Avec un gars derrière une baie vitrée.

Après une ou deux saisons perdues en raison du temps qu'il a fallu pour redéfinir les paramètres salariaux de la LNH, le hockey a repris. Les partisans sont de retour dans les gradins. Les cotes d'écoute sont bonnes à la télé - surtout à Québec, qui vient de retrouver ses Nordiques.

Mais les joueurs ne sont pas contents. Ils parlent avec nostalgie du bon vieux temps. De l'époque où les contrats qu'ils avaient signés, même les plus fous, étaient honorés par les propriétaires. Peu importe le niveau d'effort qu'ils déployaient sur la glace, leur production offensive ou leur efficacité en défense. Une époque révolue, maintenant que leurs contrats ne sont plus garantis.

Le fantôme de Ted Lindsay

À force de se plaindre et de tenter de convaincre ses coéquipiers de l'importance de former un syndicat - pardon, une association -, ce joueur vient de se faire virer.
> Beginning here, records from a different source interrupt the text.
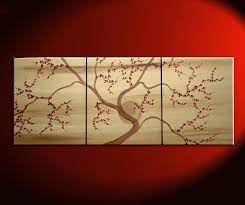 gold tree art cherry blossom painting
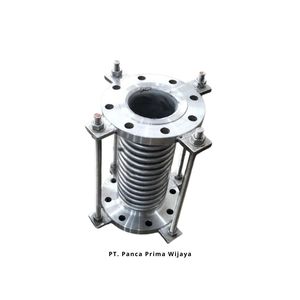 Soufflet de joint de dilatation SS304 de haute qualité 6 pouces X 40cm bride PN16 avec biellette OEM et ODM pris en charge - Product Image 3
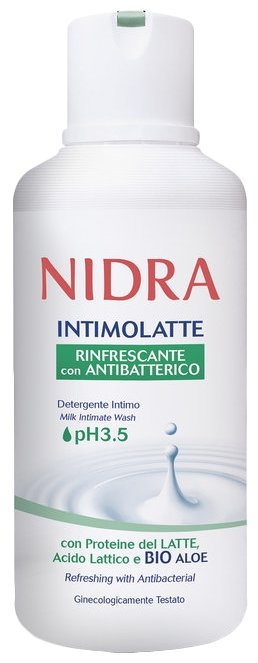 Nidra Гель для интимной гигиены освежающий с молочными протеинами и алоэ, 500 мл (фото modal 1)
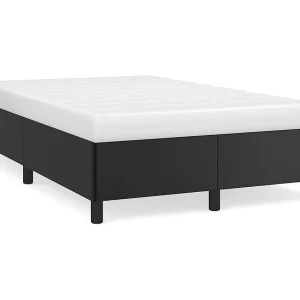 Bedframe kunstleer zwart 120×190 cm Bedframe kunstleer zwart 120×190 cm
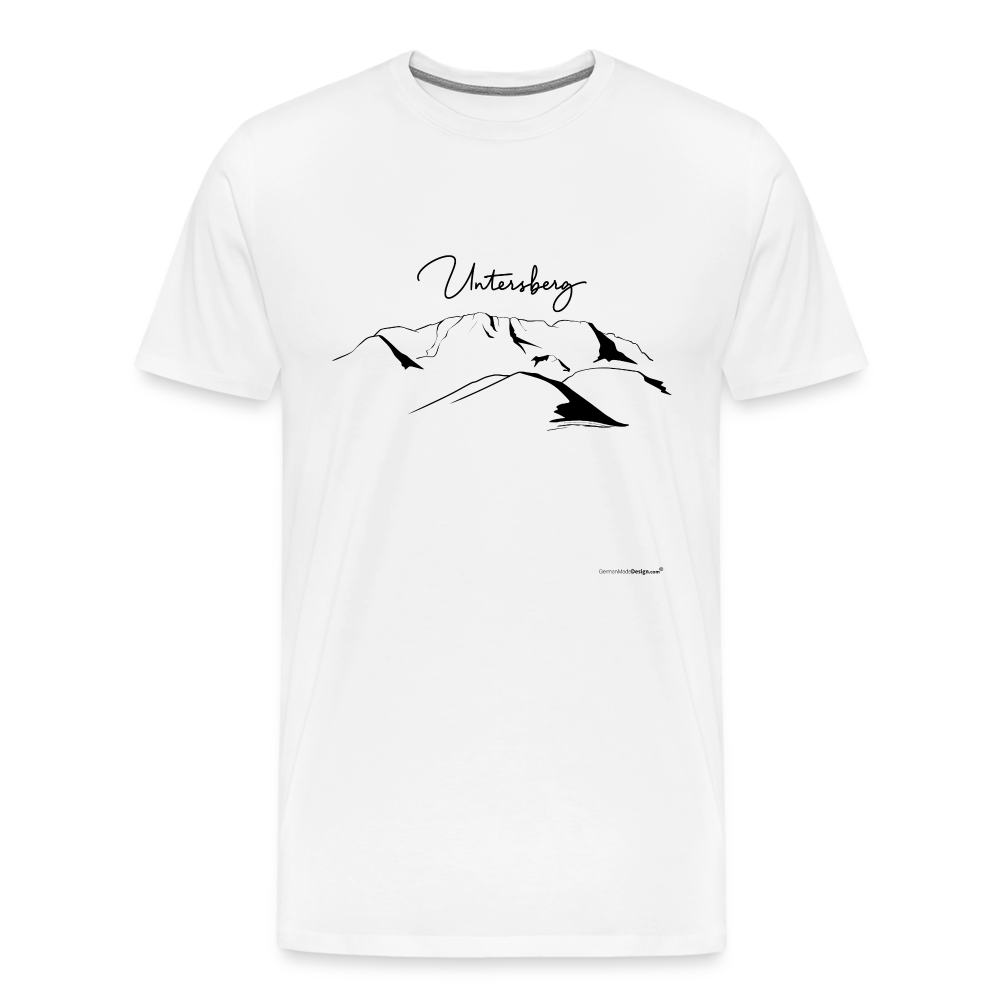 Männer Premium T-Shirt in Weiss Untersberg Schwarz - white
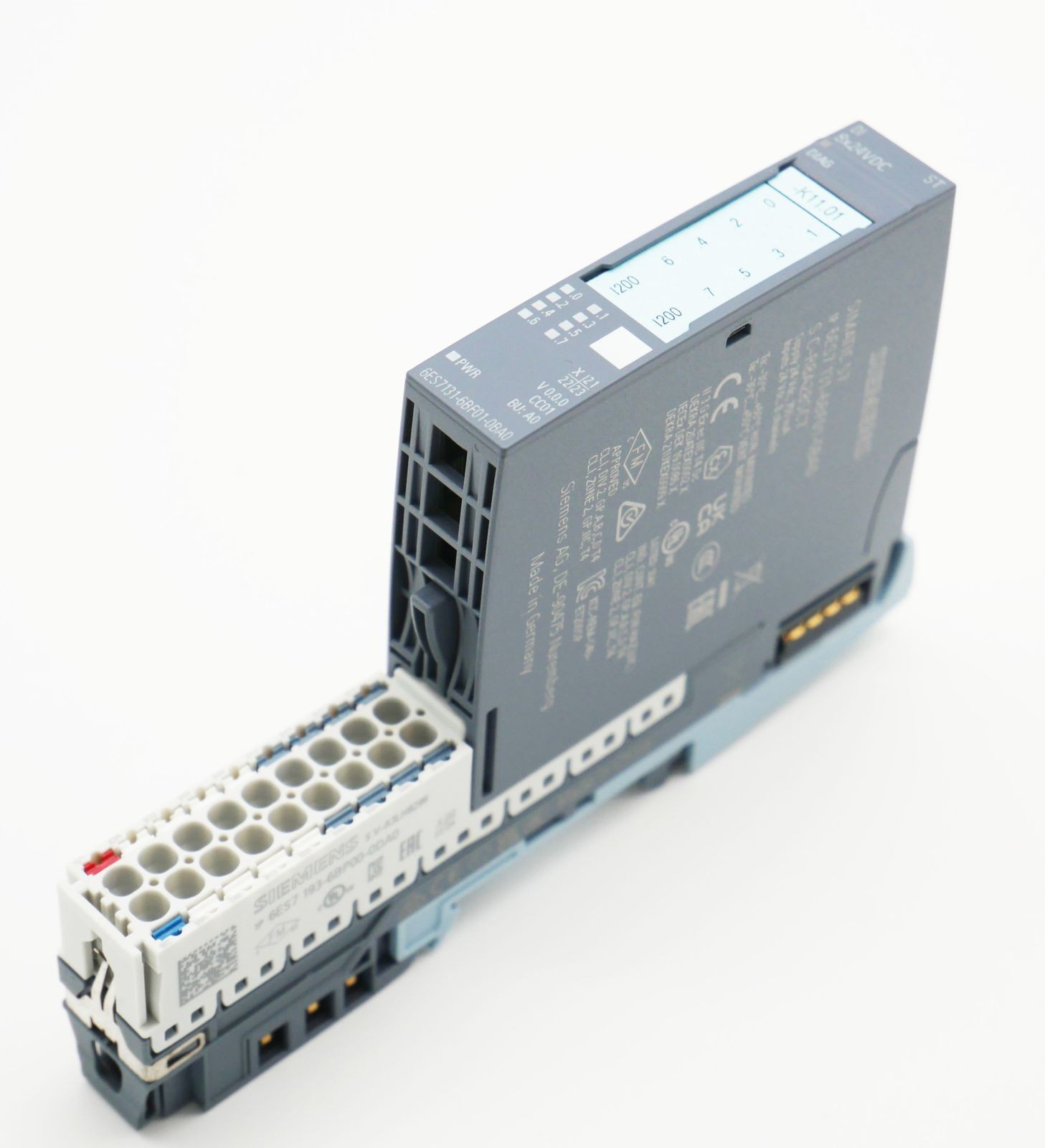 Siemens SIMATIC S7 6ES7131-6BF01-0BA0 E:20 + 6ES7193-6BP00-0DA0 E:21 -used-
Il vient d'être échangé à Québec, où il fait froid l'hiver, où les impôts sont démesurés et où sa femme devra magasiner en français.

On ne pourrait pas reconnaître le joueur derrière la baie vitrée. Pas plus que celui qui, de l'autre côté, viendra le saluer. Mais par la magie du cinéma, le réalisateur ferait alors apparaître les jeunes visages de Ted Lindsay et de Gordie Howe.

Ce bond en 1957 permettrait de faire le trait d'union entre les premiers coups de patin de l'Association des joueurs, officiellement née 10 ans plus tard, et la situation périlleuse dans laquelle Donald Fehr l'a placée en la sabordant, 55 ans plus tard.

L'Association des joueurs n'a pas été sabordée. Du moins, pas encore. Ce scénario catastrophe n'est donc qu'une fiction. Mais attention: la réalité pourrait vite rattraper la fiction si Donald Fehr décide de passer des menaces aux actes. Surtout que j'ai l'impression que Gary Bettman aimerait bien que son adversaire passe à l'action.

Comme quoi mon optimisme des derniers mois s'est beaucoup étiolé. Il est même sérieusement ébranlé.